ICCV 2025 Image Generation world model 4D reconstruction video prediction visual planning geometric awareness synthetic data

Aether: Geometric-Aware Unified World Modeling¶

Conference: ICCV 2025 arXiv: 2503.18945 Code: Project Area: World Models / 4D Reconstruction / Visual Planning Keywords: world model, 4D reconstruction, video prediction, visual planning, geometric awareness, synthetic data

TL;DR¶

This paper proposes Aether, a unified world model that post-trains the CogVideoX video diffusion model on synthetic RGB-D data. Through a multi-task training strategy that randomly combines input/output modalities, Aether simultaneously achieves 4D reconstruction, action-conditioned video prediction, and goal-conditioned visual planning, with zero-shot transfer to real-world data reaching performance comparable to domain-specific models.

Background & Motivation¶

Background: World models require three core capabilities—perception (4D reconstruction), prediction (action-conditioned generation), and planning (goal-conditioned reasoning)—yet existing methods typically address only one of these.
Limitations of Prior Work: (1) Independent modeling of each capability lacks synergy; (2) real-world 4D annotated data is extremely scarce; (3) action representations are heterogeneous (keyboard inputs / robot actions / camera trajectories).
Key Challenge: The demand for unifying three capabilities conflicts with the heterogeneity of data and representations.
Goal: Construct a unified framework that simultaneously supports reconstruction, prediction, and planning.
Key Insight: Synthetic data + camera trajectories as a unified action representation + multi-task post-training.
Core Idea: Post-train a video diffusion model on synthetic 4D data, using camera trajectories as the geometric action space to unify reconstruction, prediction, and planning.

Method¶

Overall Architecture¶

CogVideoX-5b-I2V serves as the base model, with camera parameters automatically annotated from synthetic RGB-D data. The model produces three output modalities: color video, depth video, and action (raymap). Different tasks are realized through distinct conditioning combinations.

Key Designs¶

Design 1: 4D Synthetic Data Annotation Pipeline - Function: Automatically obtain accurate camera parameters from synthetic RGB-D videos. - Mechanism: Dynamic object masking (Grounded SAM2) → video segmentation (SIFT + optical flow filtering) → coarse estimation (DroidCalib) → refinement (CoTracker3 + Bundle Adjustment + Ceres Solver). - Design Motivation: 4D annotated data is scarce; an automated pipeline is a prerequisite for scaling.
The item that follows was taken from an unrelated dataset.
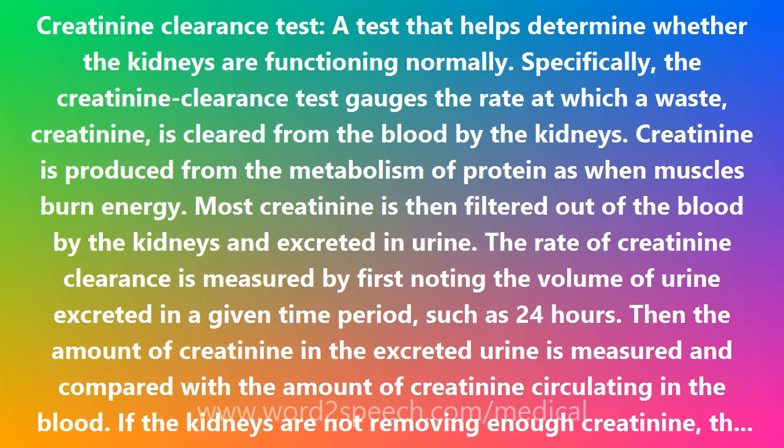However, the Creatinine Clearance Test can usually detect waste build-up in the blood before it threatens the body. Doctors can then have an opportunity to eliminate the cause of the build-up and restore blood creatinine to normal levels. A creatinine clearance test thus plays a key role in preventive medicine as well as in diagnostic and therapeutic medicine.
Design 2: Raymap Camera Representation - Function: Convert camera trajectories into a raymap video representation compatible with diffusion models. - Mechanism: Each frame uses 6 channels (3D ray directions + 3D ray origins), with translation normalized via log-scale. The raymap is invertible—camera intrinsics and extrinsics can be recovered from the generated raymap. - Design Motivation: Camera parameters must align with the spatiotemporal tokens of the DiT; raymaps naturally possess spatial structure.

Design 3: Multi-Task Random Conditioning Training - Function: Randomly mask different conditioning combinations to enable unified multi-task training. - Mechanism: Color conditioning probability allocation: 30% planning (first + last frame), 40% prediction (first frame), 28% reconstruction (full video), 2% fully unmasked. Action conditioning is retained 50% of the time and masked otherwise. Two-stage training: Stage 1 uses standard diffusion loss; Stage 2 adds decoded MS-SSIM + scale-invariant depth loss + point map loss. - Design Motivation: Random conditioning enables knowledge transfer across tasks; geometric supervision ensures 3D consistency.

Loss & Training¶

Stage 1: Standard diffusion MSE. Stage 2: + MS-SSIM (color) + scale-shift invariant loss (depth) + scale-shift invariant point map loss (depth + raymap). Training runs for two weeks on 80× A100 GPUs.

Key Experimental Results¶

Main Results¶

Video Depth Estimation (Abs Rel↓ / \(\delta<1.25\)↑)

Method	Sintel	BONN	KITTI
MonST3R	0.378/55.8	0.067/96.3	0.168/74.4
DepthCrafter	0.590/55.5	0.253/56.3	0.124/86.5
Aether	0.314/60.4	0.273/59.4	0.054/97.7

Ablation Study¶

Configuration	Depth Abs Rel (Sintel)
w/o multi-task training	0.45
w/o Stage 2 geometric loss	0.38
Full Aether	0.314

Key Findings¶

Training exclusively on synthetic data enables zero-shot transfer to real-world scenes, with reconstruction performance matching or exceeding specialist models on most benchmarks.
Multi-task training yields significant knowledge transfer—reconstruction capability promotes geometric consistency in prediction and planning.
Camera trajectories as the action space are particularly effective for ego-view tasks such as navigation.

Highlights & Insights¶

This is the first work to unify reconstruction, prediction, and planning within a single video diffusion model.
The paradigm of synthetic data combined with an automated annotation pipeline is scalable to large-scale settings.
The raymap representation elegantly embeds camera parameters into the diffusion model framework.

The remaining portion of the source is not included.